The biggest challenges for his elbow and serve lie ahead. In the fourth round on Monday, he will face Hyeon Chung, an unseeded but dangerous South Korean. Chung, 21, beat the leader of his tennis peer group, Alexander Zverev, in five sets on Saturday.

If Djokovic beats Chung, he is likely to face fifth-seeded Dominic Thiem, who plays the unseeded American Tennys Sandgren in the fourth round.

“Into the second week, it’s going to be a game of small margins, so let’s see what happens,” said Djokovic, who pronounced himself “pleased with where my game is at the moment.”

Many elite tennis players in their prime have tinkered with their service technique, be it their stance or motion. In an attempt to get more power, Rafael Nadal changed his grip on his serve in 2010 when he already was No. 1 in the world. Pat Cash changed his motion significantly after winning Wimbledon in 1987.

But some players have made more radical changes on other strokes. Consider Paul McNamee, the former Australian star who changed from a single-handed to a double-handed backhand at age 24 because he believed the stroke was holding him back.

“It was extremely hard,” McNamee said recently of the change. “Eight to 10 hours a day for four months. I made a pact with myself that I would never go back to a one-hander. It was very embarrassing to begin with.”

After the change, McNamee soon broke into the top 25 in singles and reached No. 1 in doubles.

“The key was the pact,” he said. “Otherwise, I would have retreated back to the familiar quickly. The mental commitment for me was more difficult than the physical, and harder to sustain.”

Other established pros have switched from two-handed backhands to one-handed ones, including Fernando Meligeni, the former Brazilian star, and Tatjana Maria, the German who lost to Sharapova here in the first round.

Jill Craybas, the 1996 N.C.A.A. singles women’s champion at Florida, salvaged her faltering pro career in the early 2000s by changing her forehand grip and switching from a closed-stance to an open-stance forehand. She upset Serena Williams in the third round of Wimbledon in 2005 and remained on tour until 2013.

“I remember matches where the racket felt like a foreign object in my hand,” she said of the changes in an interview at Melbourne Park on Saturday. “It took me at least a year to lock it in. Djokovic is a little bit different because it’s not a grip change, more of a motion change, and he’s doing it more to protect the injury whereas I was doing it more to progress.”

Djokovic’s serve is significantly different: He no longer drops his racket head low at the start of the motion, which is now more compact. He has said the change, designed to protect his elbow, was the product of discussions with his coaches Andre Agassi and Radek Stepanek and his own input.

“It had to come from Novak,” McNamee said. “If not, it is doomed, as he has to own it absolutely or he will revert after a bad loss.”

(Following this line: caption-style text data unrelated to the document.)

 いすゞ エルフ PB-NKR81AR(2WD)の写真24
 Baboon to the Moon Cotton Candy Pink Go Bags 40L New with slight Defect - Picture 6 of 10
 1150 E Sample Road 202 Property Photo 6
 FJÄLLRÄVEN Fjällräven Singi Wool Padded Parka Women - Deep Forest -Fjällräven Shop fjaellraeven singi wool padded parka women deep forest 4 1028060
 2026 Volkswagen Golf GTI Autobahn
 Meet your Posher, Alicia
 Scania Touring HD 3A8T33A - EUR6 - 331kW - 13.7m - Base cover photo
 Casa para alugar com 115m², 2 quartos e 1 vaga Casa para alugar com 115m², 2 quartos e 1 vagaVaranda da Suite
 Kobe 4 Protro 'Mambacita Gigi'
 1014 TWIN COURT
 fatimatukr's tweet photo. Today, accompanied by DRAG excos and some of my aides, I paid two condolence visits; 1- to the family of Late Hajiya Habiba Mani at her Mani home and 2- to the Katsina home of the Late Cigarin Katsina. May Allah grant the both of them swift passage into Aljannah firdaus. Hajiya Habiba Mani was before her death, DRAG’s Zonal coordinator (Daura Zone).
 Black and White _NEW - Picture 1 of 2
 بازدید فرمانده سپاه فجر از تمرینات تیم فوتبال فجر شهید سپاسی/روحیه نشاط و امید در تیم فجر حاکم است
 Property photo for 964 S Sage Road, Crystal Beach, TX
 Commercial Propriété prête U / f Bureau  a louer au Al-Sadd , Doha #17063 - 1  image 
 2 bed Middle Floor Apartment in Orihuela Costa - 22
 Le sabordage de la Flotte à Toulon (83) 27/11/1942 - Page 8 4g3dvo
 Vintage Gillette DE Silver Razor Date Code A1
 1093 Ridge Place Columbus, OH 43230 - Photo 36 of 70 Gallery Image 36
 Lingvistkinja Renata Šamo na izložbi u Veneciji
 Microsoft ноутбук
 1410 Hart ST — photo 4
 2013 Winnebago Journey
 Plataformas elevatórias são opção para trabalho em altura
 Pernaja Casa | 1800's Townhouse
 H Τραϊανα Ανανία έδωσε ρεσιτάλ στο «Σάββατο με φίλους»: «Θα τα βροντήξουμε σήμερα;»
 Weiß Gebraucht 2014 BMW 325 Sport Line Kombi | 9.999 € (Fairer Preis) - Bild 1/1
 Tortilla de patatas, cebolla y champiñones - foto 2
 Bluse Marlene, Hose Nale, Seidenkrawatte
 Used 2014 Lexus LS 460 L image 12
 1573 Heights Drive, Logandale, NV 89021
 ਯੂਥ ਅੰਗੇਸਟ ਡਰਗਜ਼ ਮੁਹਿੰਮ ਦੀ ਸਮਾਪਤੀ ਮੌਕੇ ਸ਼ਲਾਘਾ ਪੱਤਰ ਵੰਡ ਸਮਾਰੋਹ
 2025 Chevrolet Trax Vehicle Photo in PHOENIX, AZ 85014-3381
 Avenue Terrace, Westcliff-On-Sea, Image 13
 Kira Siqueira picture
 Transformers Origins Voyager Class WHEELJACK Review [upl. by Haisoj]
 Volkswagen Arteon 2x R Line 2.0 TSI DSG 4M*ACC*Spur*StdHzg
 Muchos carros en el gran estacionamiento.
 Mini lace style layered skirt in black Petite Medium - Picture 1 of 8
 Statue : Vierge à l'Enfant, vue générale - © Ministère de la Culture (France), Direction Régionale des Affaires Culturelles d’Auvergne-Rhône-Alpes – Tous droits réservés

For now, he is 3-0 with the new serve and hitting first-serve speeds similar, on average, to what he hit in 2016, when he last won this title. Unlike in 2016, though, the speeds have tailed off as matches have progressed.

“The toughest thing about it is, the older you get, you become comfortable with routines and what you’ve done for so long,” Sharapova said. “We like to keep what we know. We want to keep it, especially if it’s helped us and if it’s won us Grand Slams.

“But at certain points in your career, if you’re faced with a challenge, you’re faced with an injury, you have to make those adjustments. If you’re able to break through and become successful with it, win another major, win a few more, it speaks a lot more for who you are as a person, as a competitor.”